Following the video, Sun Shujun and two conspirators, Alexis Renzaho and Leonidas Nsanzimana, were arrested and charged by the Rwanda Investigation Bureau. All of the accused worked for the Chinese transnational mining company, Ali Group Holdings. The mine produces cassiterite, a mineral that is the main ore of tin.
“It is clear that Sun tortured the victims and issued corporal punishment with malicious intent, and this is a grave crime,” judge Jacques Kanyarukiga ruled, ordering him to serve a 20-year term in prison.
Sun, who was in court for the verdict, acknowledged assaulting two workers, saying he beat them because he was frustrated and fed up with them constantly stealing minerals. He further argued that he had already atoned for his wrongdoing by compensating the two victims with more than one million Rwandan francs and signing a “reconciliation letter”.
The prosecution, which had accused him of assaulting three people, argued that the victims had accepted the payments because they were traumatised and afraid of him.

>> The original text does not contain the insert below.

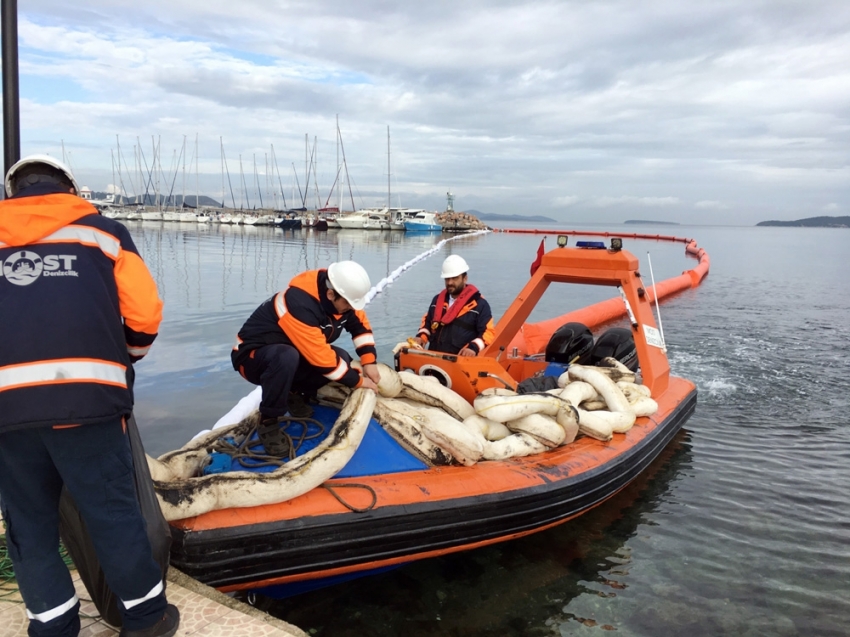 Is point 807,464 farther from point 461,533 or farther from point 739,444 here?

The court accepted this premise as the video showed a visibly enraged Chinese man using a rope to flog a man huddled on the ground and tied to a pole, as a small group of people in orange jackets looked on.
While Sun was sentenced to 20 years, Renzaho was handed 12 years in jail as an accomplice and Nsanzimana was acquitted. The court awarded victims, Azarias Niyomukiza, Gratien Ngendahimana and Deo Bihoyiki, 2.5 million Rwandan francs each in compensation. The defendants have been given one month to appeal against the decision.
The Chinese embassy in Rwanda said that it had “taken note” of the ruling and that “the embassy always asks Chinese citizens in Rwanda to abide by local laws and regulations and calls for the case to be handled appropriately in a rational, fair and just manner, and requests the legitimate rights of Chinese citizens to be properly protected.”
Rwanda and China enjoy good relations and last year marked the 50th anniversary of diplomatic ties. But this horrific incident is indicative of a wider problem of Chinese mining companies violating African mine worker rights across the continent. In the DRC, Zambia and Zimbabwe, there have been a growing number of cases of abuse, discrimination, under payment and life-threatening working conditions. African governments can no longer prioritize profit over the livelihoods of the people they serve any longer.